• PROBLEM DESCRIPTION: The required output is the line containing "August 2018: Belebte" followed by every later line through the end of the data, all reproduced exactly.

------

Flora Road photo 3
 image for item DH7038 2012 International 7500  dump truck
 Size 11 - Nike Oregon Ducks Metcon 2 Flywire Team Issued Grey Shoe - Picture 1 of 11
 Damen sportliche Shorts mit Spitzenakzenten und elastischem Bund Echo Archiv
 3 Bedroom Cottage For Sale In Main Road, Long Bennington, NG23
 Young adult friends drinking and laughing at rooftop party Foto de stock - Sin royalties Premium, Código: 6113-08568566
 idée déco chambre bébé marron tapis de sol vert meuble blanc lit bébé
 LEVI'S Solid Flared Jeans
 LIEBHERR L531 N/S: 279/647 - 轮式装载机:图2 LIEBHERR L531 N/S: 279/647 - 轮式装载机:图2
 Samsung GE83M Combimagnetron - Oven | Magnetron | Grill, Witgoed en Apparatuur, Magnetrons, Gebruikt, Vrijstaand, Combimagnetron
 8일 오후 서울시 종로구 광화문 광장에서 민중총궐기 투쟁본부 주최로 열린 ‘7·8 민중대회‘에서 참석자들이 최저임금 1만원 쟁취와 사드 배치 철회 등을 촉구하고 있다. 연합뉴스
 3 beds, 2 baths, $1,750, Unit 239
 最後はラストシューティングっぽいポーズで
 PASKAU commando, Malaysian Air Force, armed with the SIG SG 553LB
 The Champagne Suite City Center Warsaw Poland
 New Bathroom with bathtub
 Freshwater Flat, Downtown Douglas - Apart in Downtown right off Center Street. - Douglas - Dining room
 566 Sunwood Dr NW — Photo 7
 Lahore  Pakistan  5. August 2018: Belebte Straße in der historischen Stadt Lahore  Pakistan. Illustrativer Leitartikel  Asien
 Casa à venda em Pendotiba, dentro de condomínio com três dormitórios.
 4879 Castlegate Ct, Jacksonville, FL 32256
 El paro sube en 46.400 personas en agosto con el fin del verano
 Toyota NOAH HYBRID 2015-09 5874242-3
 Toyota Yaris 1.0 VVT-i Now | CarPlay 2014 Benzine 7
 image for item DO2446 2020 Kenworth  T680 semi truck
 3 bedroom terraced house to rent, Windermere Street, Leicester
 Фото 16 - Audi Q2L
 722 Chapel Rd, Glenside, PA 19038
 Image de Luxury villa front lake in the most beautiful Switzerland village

------

• SOLUTION TO THIS TASK:
 Lahore  Pakistan  5. August 2018: Belebte Straße in der historischen Stadt Lahore  Pakistan. Illustrativer Leitartikel  Asien
 Casa à venda em Pendotiba, dentro de condomínio com três dormitórios.
 4879 Castlegate Ct, Jacksonville, FL 32256
 El paro sube en 46.400 personas en agosto con el fin del verano
 Toyota NOAH HYBRID 2015-09 5874242-3
 Toyota Yaris 1.0 VVT-i Now | CarPlay 2014 Benzine 7
 image for item DO2446 2020 Kenworth  T680 semi truck
 3 bedroom terraced house to rent, Windermere Street, Leicester
 Фото 16 - Audi Q2L
 722 Chapel Rd, Glenside, PA 19038
 Image de Luxury villa front lake in the most beautiful Switzerland village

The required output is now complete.